After weeks of planning, you've finally staged your vigil in a haunted building. Your second priority, after sleep, is analysing all the data you've collected. Compared to staying up all night staring at nothing much, it should be easy.
Once upon a time, analysing vigil data meant sitting for hours watching video tapes of nothing much happening. There were also indecipherable investigator notes to cross check. While some of that still has to be done but a lot of data is now gathered automatically from instruments. Indeed, you may have CDs or DVDs full of megabytes of data streamed directly from computer-connected meters and sensors.
Computer data can look comfortingly accurate. However, it is still only as good as the instruments that collected it. If a digital thermometer has an accuracy of one degree, you can't start produce average to three decimal places. Data processing cannot increase the accuracy of an instrument.
It is tempting to buy specialised processing software. But just because it is used by the military or the space programme, it doesn't automatically mean it is the best for your data. There is always a danger, particularly with unknown software, of over-processing (left) or simply mangling your data. If you don't understand what some software is doing, how can you be confident of its results? If the output from processing is a wildly different from what you're expecting, consider the possibility it is wrong!
For examples of over-processed data see some an example of a photograph and sound recordings. See also here!
Talk to experts
If you think you've got some really exciting data, don't be afraid to consult experts. Often they will be intrigued by what you've done and happy to help.
So, if you're getting unexplained readings on your EMF meter, talk to a physicist. If there are things on your photographs you can't explain, consult a keen amateur photographer (they often know more about the technical side than professionals). They may be able to suggest things you should check before you decide your readings are really paranormal or unexplained.
EVP and photos
Two of the commonest instruments taken on vigils are sound recorders (often used to look for EVP) and cameras. We have suggesyions for analysing paranormal recordings (including EVP) and there is a whole section on anomalous photographs.
Playing the odds
With lots of instrumental data coming straight onto computers, statistical methods are called for. There is, unfortunately, no substitute for taking a course in stats or, at the very least, reading a book about them. Just producing pretty graphs with a spreadsheet doesn't make your results statistically valid.

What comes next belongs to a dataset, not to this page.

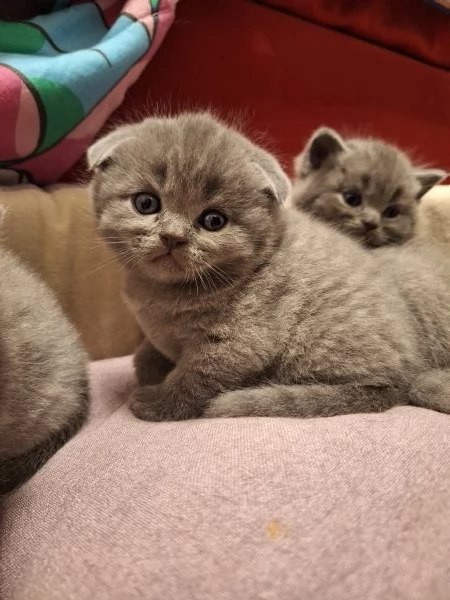 Disponibili due cuccioli straight  | Foto 4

It is easy to use statistics inappropriately. You will always get some sort of answer when using statistics. It doesn't mean it's valid or appropriate.
Consider an example. Suppose you want some people to judge an audio sample you've collected. You've decided that, in your opinion, it contains a voice, possibly of paranormal origin, saying a particular word quite distinctly. You give some judges a choice of five similar sounding words to choose from (including yours). What are the chances that they will agree with your verdict? One in 5? And if they ALL agree with you, will it be massively against chance?
The answer is, as you've no doubt guessed, no. It is a noise on a tape that you have interpreted as a voice. It might not even be a voice. The fact that several other people agree with your interpretation may only show that different people's brains interpret in a similar way.
In statistics, you are always comparing a result with the odds of it occurring by random chance. It is very difficult to say what the chance odds are of a sound being recorded that resembles a voice saying a particular word. Unless there is a sound mathematical way of calculating the chances of something occuring by random chance then you can't apply statistics to it (at least, not conventional stats).